In [1]:
import numpy as np
import nltk
nltk.download('punkt')
import warnings
warnings.filterwarnings("ignore")

[nltk_data] Downloading package punkt to
[nltk_data]     C:\Users\a_lolooh\AppData\Roaming\nltk_data...
[nltk_data]   Package punkt is already up-to-date!


## Setup 

#### this class is purely for organisation and ease of access, instead of messy nested array access , we just create a posts object with attributes ( the post itself, its emotion, its sentiment )
                

In [2]:
from nltk.tokenize import word_tokenize as tokenize
class Posts : 
    def __init__(self, post, emotion, sentiment):
        self.post = post
        self.emotion = emotion
        self.sentiment = sentiment
        self.tokens = list(tokenize(post))
        
    def print(self):
        print(f"post: {self.post} emotion: {self.emotion} sentiment: {self.sentiment}")
        
        

## Loading file 

In [3]:
import json
import gzip

posts = []

# the file given to us is a gzip which has a json inside it, so we need to unzip first and then load the json file 

with gzip.open('goemotions.json.gz', 'r') as f: # unzipping
    data = json.loads(f.read(), encoding="utf-8") # loading json
    for line in data:
        posts.append(Posts(line[0],line[1],line[2])) #creating the object and appending to the list 
        
# basically posts is a list of objects where each object has its info as attributes ( see above )

# PART 3 Word2Vec

In [4]:
import gensim
import gensim.downloader as api
import nltk 
import joblib
nltk.download('punkt')

[nltk_data] Downloading package punkt to
[nltk_data]     C:\Users\a_lolooh\AppData\Roaming\nltk_data...
[nltk_data]   Package punkt is already up-to-date!


True

## 3.1 Downloading Model

In [5]:
model = api.load('word2vec-google-news-300')

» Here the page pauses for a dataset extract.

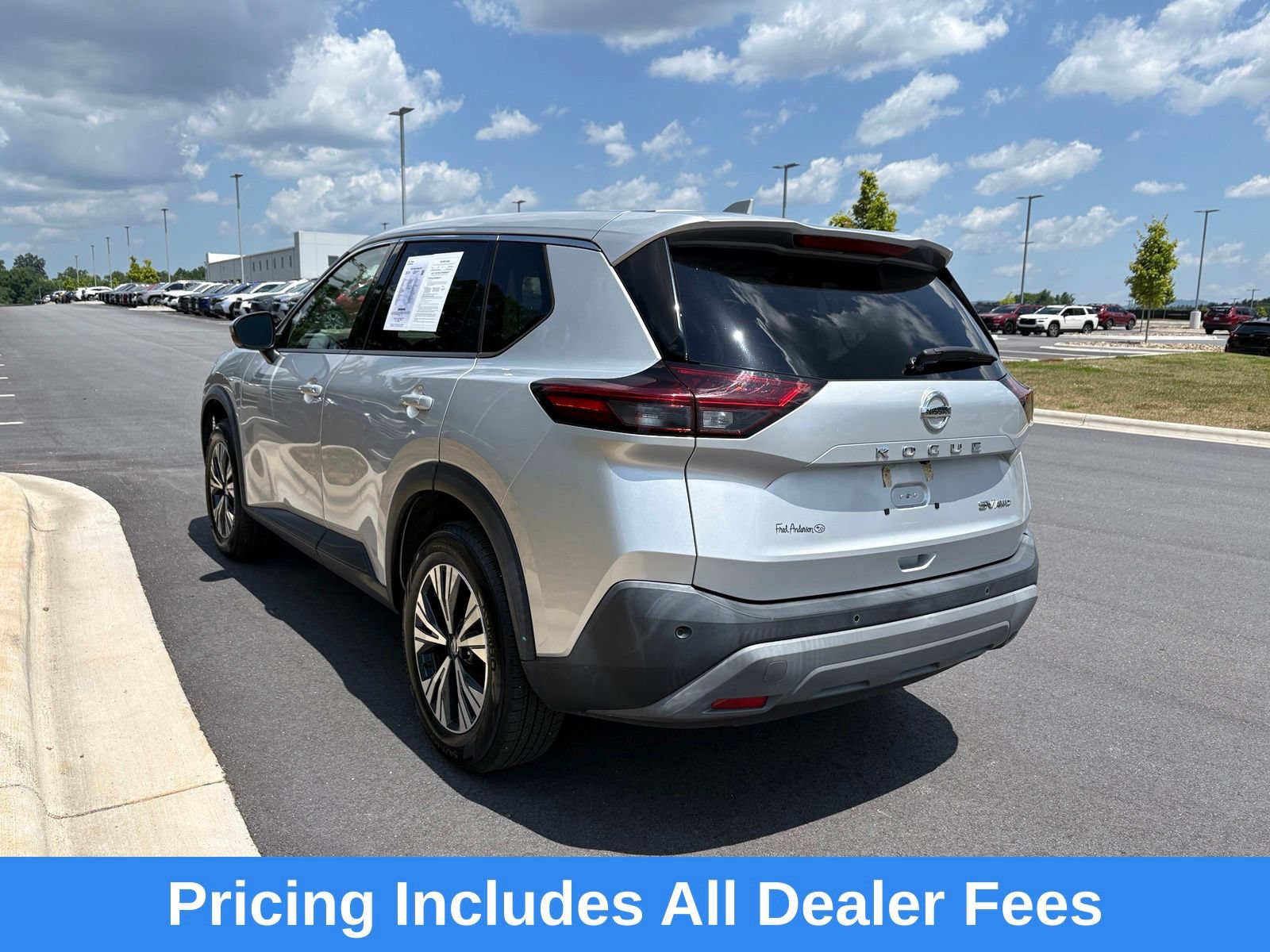 Used 2021 Nissan Rogue SV AWD/4WD image 6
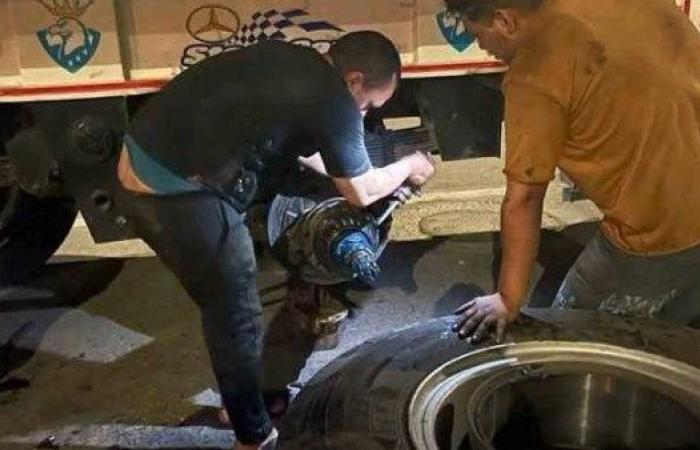 مخبأة داخل أماكن سرية.. جمارك سفاجا تحبط تهريب 370 ألف قرص كبتاجون مخدر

## 3.2 - 3.3 Tokenization and Embeddings
#### Tokens were implicitly generated during object instantiation

In [6]:
embeddings = []
hit = 0
miss = 0 

for i, post in enumerate(posts):
    A = [] 
    ll = post.tokens
    for token in ll:
        hit += 1
        try:
            A.append(model[token])
        except KeyError:
            miss+=1
            continue
    if not A: # if no word2vec fill in zeroes 
        post.embedding = np.zeros(300, dtype='int')
        continue
    np_arr = np.vstack(A)
    avg = np.average(np_arr, axis=0)
    post.embedding = np.copy(avg)


In [7]:
print (f"Number of tokens is : {hit}")

Number of tokens is : 2642139


### Train/Test Split

In [9]:
from sklearn.model_selection import train_test_split
x = np.array([x.embedding for x in posts])
y_emotion = np.array([x.emotion for x in posts])
y_sentiment = np.array([x.sentiment for x in posts])

trainX, testX, trainY_emotion,  testY_emotion = train_test_split(x, y_emotion, test_size=0.2, random_state = 42) 
trainX, testX, trainY_sent,  testY_sent = train_test_split(x, y_sentiment, test_size=0.2, random_state = 42) 


## 3.4 Computing Hit Rate

In [16]:
trainxHit, testxHit, trainYHit,  testYHit = train_test_split(np.array([x.post for x in posts]), y_emotion, test_size=0.2, random_state = 42) 


In [17]:
hit_train = 0
miss_train = 0 

for post in trainXHit:
    for token in tokenize(post):
        dummyA = []
        hit_train += 1
        try:
            dummyA.append(model[token])
        except KeyError:
            miss_train+=1
            continue

In [18]:
hit_test = 0
miss_test = 0 

for post in testxHit:
    for token in tokenize(post):
        dummyA = []
        hit_test += 1
        try:
            dummyA.append(model[token])
        except KeyError:
            miss_test+=1
            continue

In [19]:
print(f"Hit rate for Training Set: {((hit_train-miss_train)/hit_train)} ")
print(f"Hit rate for Test Set: {((hit_test-miss_test)/hit_test)} ")
print(f"Overall Hit rate: {((hit-miss)/hit)} ")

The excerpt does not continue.